La sinistra Pd vuole più tempo perché non ha un candidato?
Questo è un altro dei veleni messi in circolo. Noi siamo convinti che sia necessario chiedere ad altre forze di dare un contributo alla discussione. Se ritenessimo la competizione fra candidati una soluzione, non avremmo problemi a esprimere un nome. Ma non la pensiamo così. I candidati che arrivano in una competizione che non ha sciolto le contraddizioni del Pd produrrebbe leadership fragilissime.
La sinistra del Pd si sta avvicinando a Elly Schlein?
I congressi sono momenti in cui le aree politiche respirano, ognuno di noi farà le sue valutazioni, non c’è una disciplina di corrente. Spero ancora che ci sia una piattaforma condivisa, se non ci sarà vedrò chi assomiglia di più alle idee che ho in testa, e farò le mie valutazioni confrontandomi con chi ha fatto con me le battaglie di questi anni. Mi preoccupa il silenzio sul merito delle candidature che si stanno offrendo per guidare il partito. Anche se formalmente ancora non ci sono, sarebbe bene che tutti quelli che ci stanno pensando iniziassero a mettere giù delle idee. Capisco che questo espone a diventare un bersaglio, lo so bene. Ma animare un dibattito senza dire niente mi sembra abbastanza improbabile.
È normale che chi non è ancora iscritto al Pd possa ambire a diventarne il segretario, o la segretaria?
Per chi come me pensa che il Pd non sia sufficiente a sé stesso non è uno scandalo, oggi. In una fase ordinaria lo sarebbe. Il problema è che questa apertura non sta producendo una discussione.

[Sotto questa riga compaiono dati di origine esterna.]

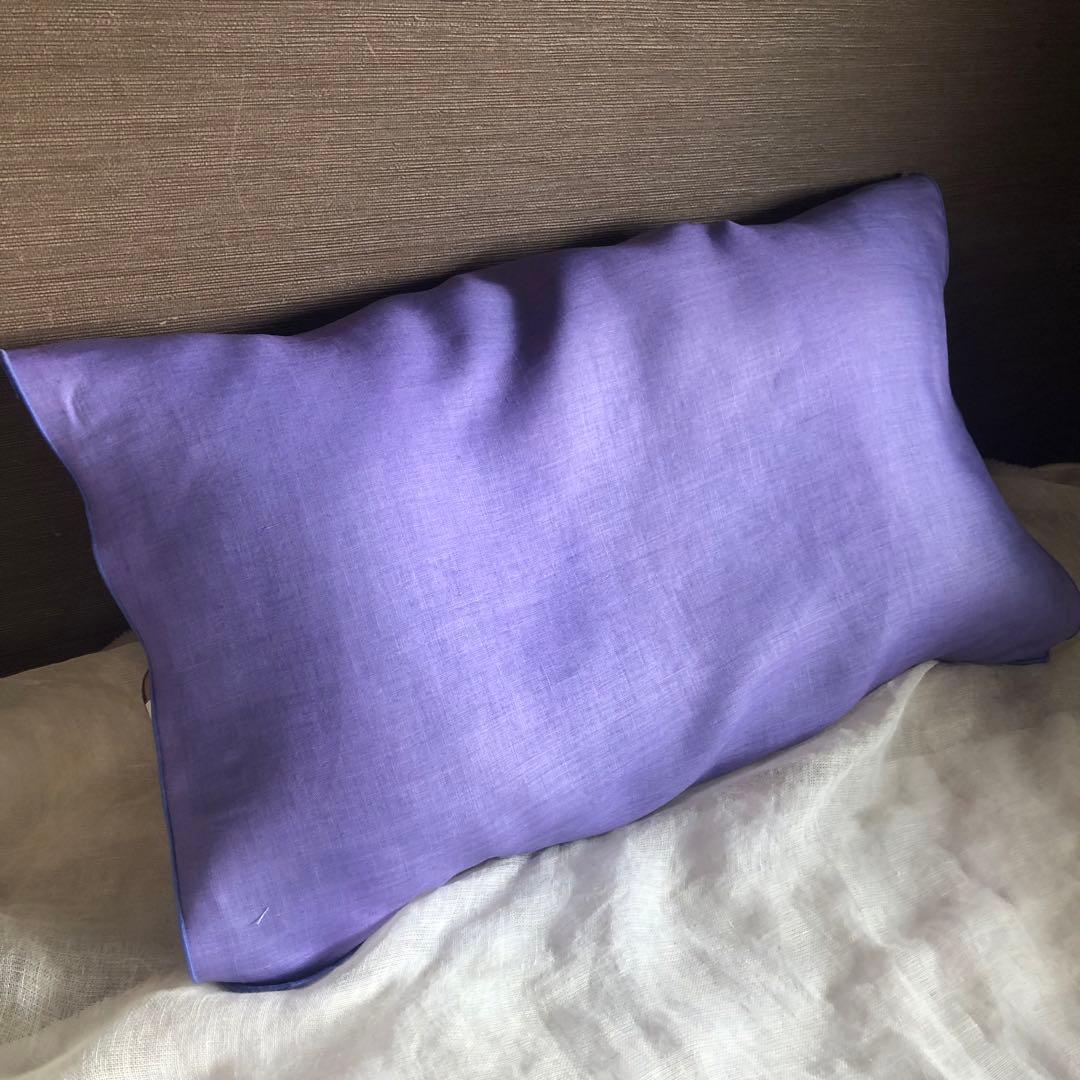 2枚セット　ヘンプ枕カバー　普通地　ヘンプ100% 快眠　99%抗菌 防臭　麻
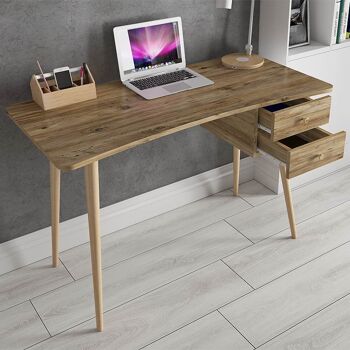 Bureau TREVISO Pin 120x60x77cm 4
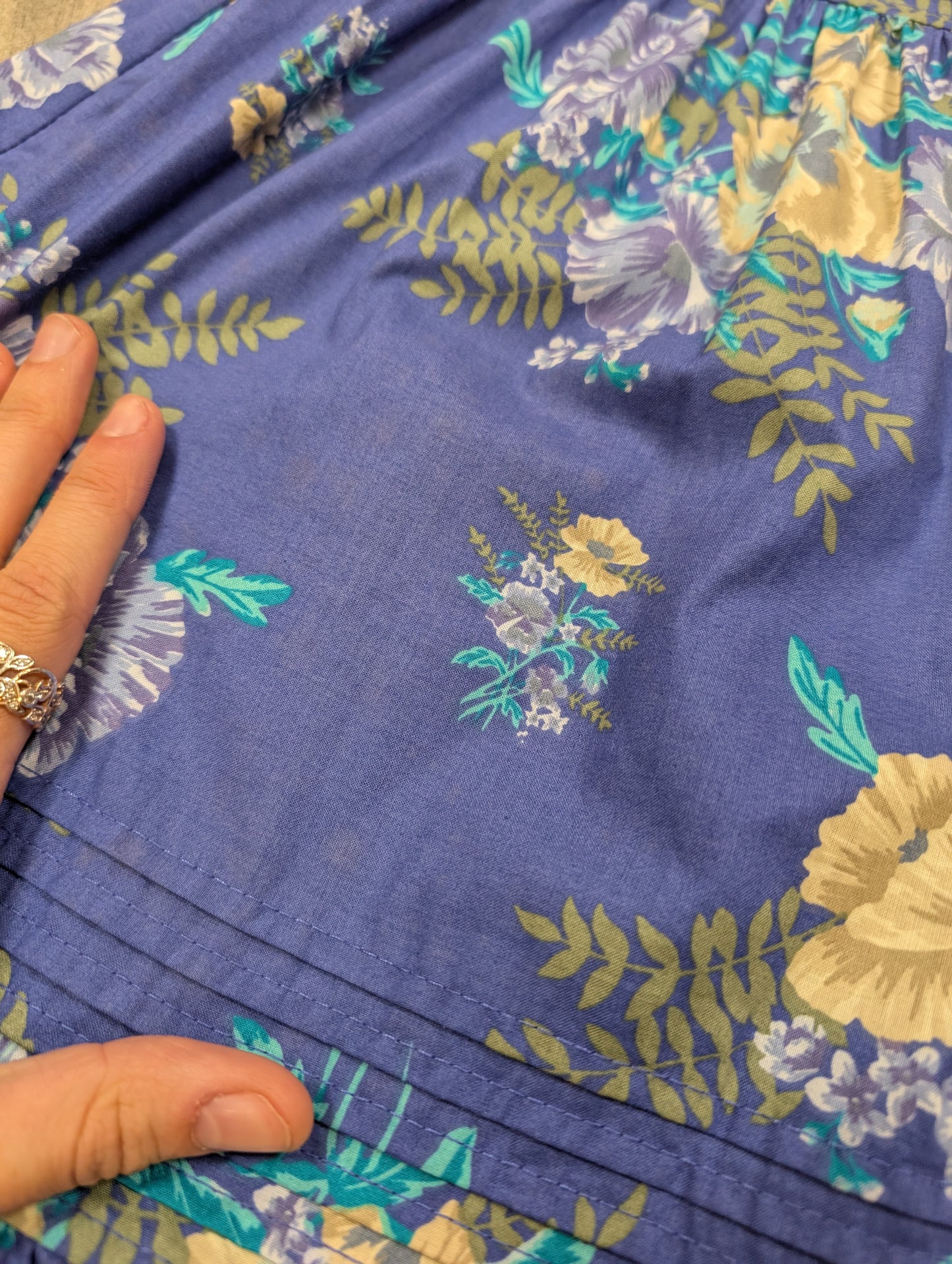 80s/90s Laura Ashley cotton floral skirt - XS/S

Il problema di questo momento, nel Pd, non è la differenza delle idee ma il silenzio delle idee.
Per un inceneritore, semplifico, è saltato il governo Draghi e per un inceneritore consegnerete il Lazio alle destre. Valeva la pena?
Il termovalorizzatore è stato un alibi, e lo è anche adesso. Riguarda Conte e Calenda, che lo usano come elemento valoriale, per Calenda è diventato il simbolo del riformismo nel mondo. La verità è che il terzo polo ha lavorato in più occasioni per far saltare l’alleanza fra Pd e M5s per aumentare la sua rendita di posizione, e il M5s in questo momento ritiene che andare da soli rafforzi la scelta delle politiche. Se non fosse il termovalorizzatore, sarebbe una rotonda sulla via Aurelia.
Quanto durerà la vocazione all’autosufficienza di Conte?
Dipende anche dai risultati. La scelta lo ha premiato alle politiche anche perché il Pd ha fatto diventare il governo Draghi un fine, una bandiera, anziché un modo per affrontare l’emergenza. E questo ha lasciato ai M5s lo spazio per intercettare un malessere. Ma non so se valga lo stesso nel Lazio, dove la rottura è stata fatta a freddo, visto che governiamo insieme. E fin qui la scelta del termovalorizzatore non era stata preclusiva.